As a group developers tend to think far more about the future, than the past. Well, unless that is, we’re obsessing about retro video games. But every once in a while it’s worth it to take a step back and look at history, and then decide whether we want to repeat our mistakes, and also triumphs, just one more time. Or whether we should be doing something different this time around.
Because we’ve been here before. Because while the Internet of Things is very much in its infancy the other Internet, the digital one, while perhaps not having yet reached its middle years has, at least, started to outgrow its adolescence.

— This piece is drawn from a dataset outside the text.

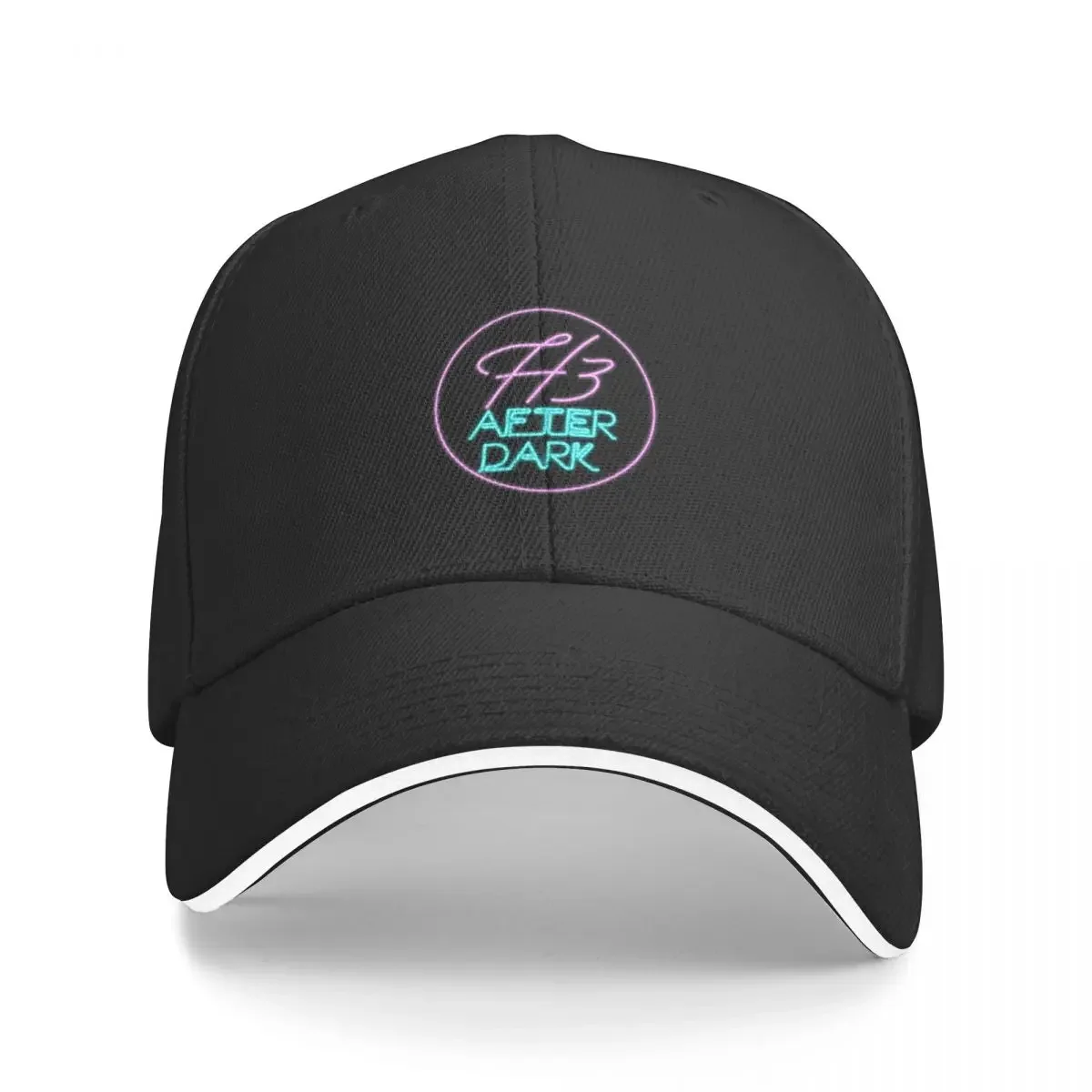 

New H3H3 Podcasts - H3 After Dark Baseball Cap Luxury Brand Military Tactical Caps Hat Men Women's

The first message ever sent over the ARPANET—the network that’s widely regarded as the most direct predecessor to the modern Internet—was by student programmer Charley Kline from a computer at UCLA at 10:30 pm on October 29th, 1969, when he attempted to login to a second machine, located at the Stanford Research Institute in Menlo Park, California. He managed to get as far as the “o” of login before the system crashed. The first actually successful connection was made about an hour later.
These machines were connected by two Interface Message Processors — or IMP — machines. The IMP was the first generation of gateways, known today as routers, however despite being almost synonymous with the Internet as we know it today, the connection between the two machines wasn’t a TCP connection. The TCP standard didn’t yet exist.
The birth of the other Internet — the digital one — was tied up with a vicious standards war. Something that’ll sounds horribly familiar to those of us now involved with the Internet of Things.
However the fallout from this standards war—fought over the course of twenty years following the first message between those two original computers on the…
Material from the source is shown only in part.